Sunday, June 8, 2014

Measure of Motherhood

It is a question that can keep me up at night.  It can rob me of inner peace.  It can cause me to measure myself against other mothers.  It can cause me to justify being judgmental against how others carry it out because we are doing it differently.  It can cause me to take the comments of others and create a block in my motherhood road map.  It can create doubt and fear that I'm making wrongs along the way that can't be made right.  
What makes a good mother?  A good parent of any kind, for that matter.
Recently, in my Sunday school class, this was our lesson.  It was eyeopening to me to see that there are very few scriptures about HOW to raise children.  The way to raise children in the right way is to strive to keep yourself on the right path.  OUCH!  Now that takes a different perspective.  You mean I can't just nag and discipline and coach and critique and praise and prompt and have them do what I believe they should??  In order to raise godly children, I'm supposed to examine my life and follow Christ's example.  Yep, that's it.  It makes perfect sense.  Children model everything we do.  That's the hard part. The scary part. The part where I have to pray please make me what I should be and mold me into something better when I stumble and fail every.single.day.  Help me to seek forgiveness and give me lots of second chances....and third and fourth.
The freeing part of this is that it's not all up to me.  I have been given an example of perfect love.  I've been given mercy and grace and I'm so thankful.
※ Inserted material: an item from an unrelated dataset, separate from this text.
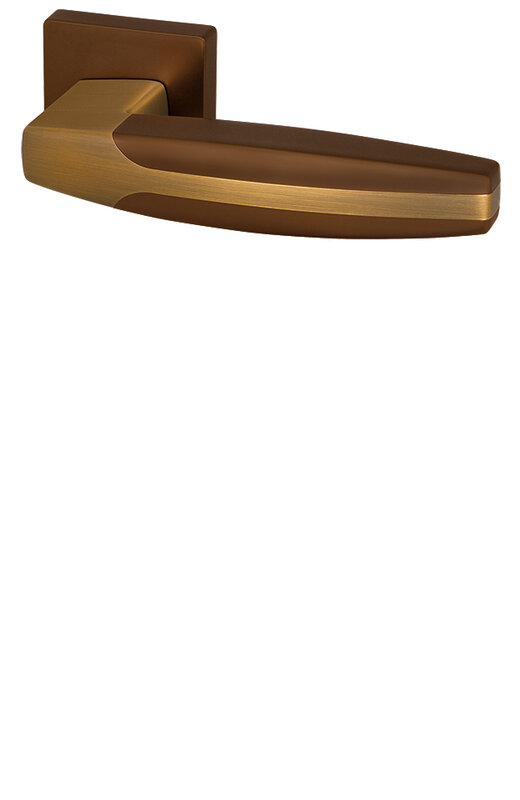 Ручка Armadillo (Армадилло) раздельная K.USQ52.ARC (ARC USQ2) BB/SBB-17 кор.бронза/мат.кор.бронза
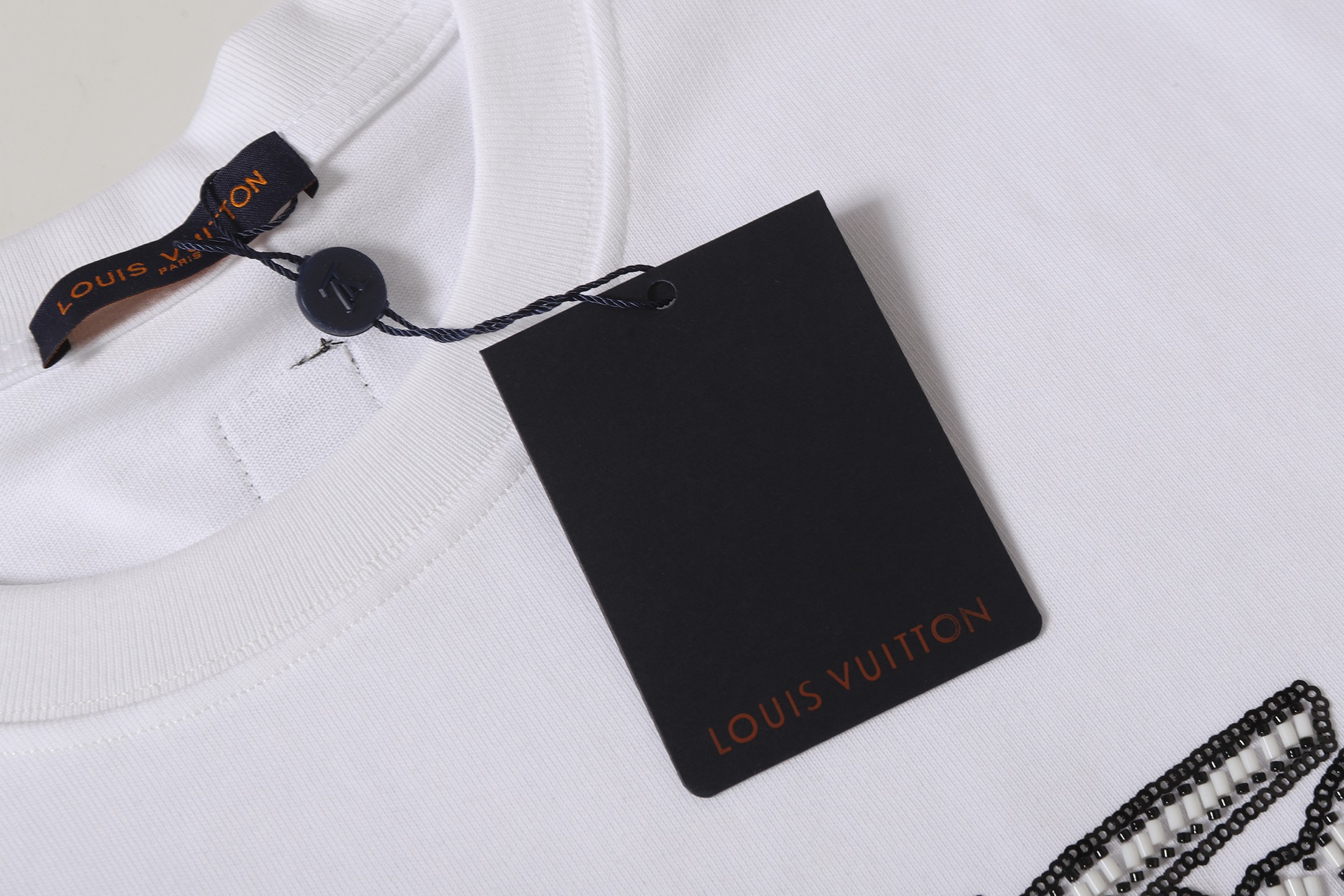 LOUIS VUITTON 路易威登 珠饰刺绣短袖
I need it daily.  So the good news is that I have the most able and perfect helper in God above.  I'm also so blessed that I've been given an amazing husband to navigate this road with me.  Motherhood is probably the area in which I put most of my energy here on Earth.  I certainly want to succeed at it.  For today, I'll work on myself.
So, the lesson that I learned was......give it to God.  Strive to live my life close to Christ.  I will be equipped and through Him, I will measure up.